Die Offensive beginnt mit einem Angriff auf das Al-Sinaa-Gefängnis. Dort sind hinter Mauern, Zäunen und Wachtürmen IS-Kämpfer* in grossen Betongebäuden untergebracht. Der Soldat Mahir Bakırcıyan und seine Kamerad*innen halten sich zu diesem Zeitpunkt auf einem Militärstützpunkt der Syrian Democratic Forces (SDF) in der Nähe der Stadt auf. Als sie vom Angriff erfahren, begeben sie sich sofort nach Hasakah, um die Stadt zu verteidigen.
Monate später ist Mahir Bakırcıyan erneut auf dem Militärstützpunkt und erzählt von den damaligen Ereignissen: „Als wir in der Stadt ankamen, hatte der IS zwei Häuserblocks der Stadt besetzt“, erinnert er sich. „IS-Kämpfer, die aus dem Gefängnis geflohen waren, drangen in die Häuser der Bewohner*innen ein und töteten diejenigen, die keine Zeit mehr hatten zu fliehen. Ich sah etwa 20 massakrierte Zivilist*innen.“ Nach diesen Worten verstummt Bakırcıyan und nimmt eine Zigarette aus der Schachtel. Die Soldat*innen, die im selben Raum sitzen, senken ihre Köpfe.
Bakırcıyan kämpfte an fast allen Fronten im Nordosten Syriens, auch während der Operation in Raqqa, der ehemaligen IS-Hauptstadt. Als die SDF damals die Stadt befreiten, war er Kommandant des Internationalen Freiheitsbataillons, unter dem er Soldat*innen verschiedenster revolutionär-sozialistischen Gruppen im Kampf gegen den IS anführte.
Bakırcıyan vergleicht den jüngsten Gefängnisausbruch mit einer Operation irgendwo in den Vororten von Raqqa, allerdings mit wichtigen Unterschieden: „In Hasakah haben die IS-Kämpfer nicht aus der Ferne auf uns geschossen. Sie haben darauf gewartet, dass wir näher kommen, um uns mit Sicherheit zu töten.“ Aber auch die SDF hätten sich im Laufe der Jahre verändert. „Die Soldat*innen sind viel besser ausgerüstet und auch viel wagemutiger als früher“, sagt er und fügt an: „Ausserdem war die Unterstützung der Bevölkerung für unsere Streitkräfte enorm.“
Die Autonome Verwaltung von Nord- und Ostsyrien ist auch unter dem kurdischen Namen Rojava bekannt. Die Selbstverwaltung der de facto autonomen Region im Nordosten Syriens setzt sich für die Gleichstellung der Geschlechter, Pluralismus und die Beteiligung von Vertreter*innen aller Bevölkerungsgruppen in der Verwaltung ein. In ihrer jetzigen Form besteht die Autonome Verwaltung seit 2018. Mit Ausnahme des katalanischen Parlaments wird sie von keinem Staat offiziell anerkannt.

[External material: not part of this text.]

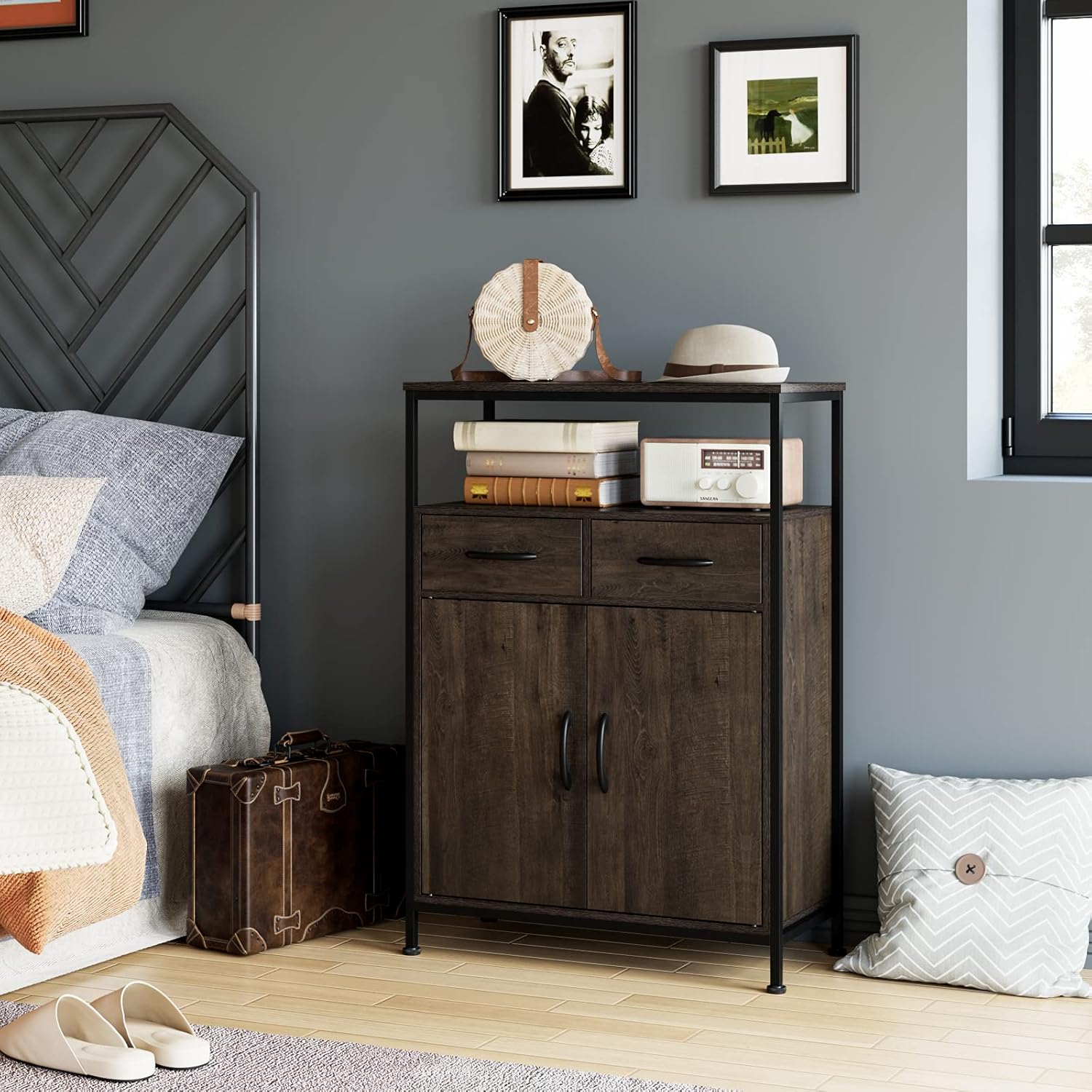 Industrial Storage Cabinet, Floor Cabinet with Fabric Drawers, Office Cabinet with Doors and Shelves, Accent Cabinet for Entryway, Living Room, Bedroom, Dark Brown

Die Syrian Democratic Forces sind die bewaffneten Kräfte der Autonomen Verwaltung von Nord- und Ostsyrien. Sie wurden im Oktober 2015 gegründet und setzen sich hauptsächlich aus kurdischen, arabischen und syrischen sowie einigen kleineren armenischen, turkmenischen und tschetschenischen Kräften zusammen. Den Grossteil der SDF machen die YPG (Yekîneyên Parastina Gel) sowie deren Untergruppe YPJ (Yekîneyên Parastina Jin) – ausschliesslich aus Frauen bestehende Brigaden – aus. Die Türkei betrachtet die YPG als bewaffneten Arm der verbotenen Arbeiterpartei Kurdistans (PKK).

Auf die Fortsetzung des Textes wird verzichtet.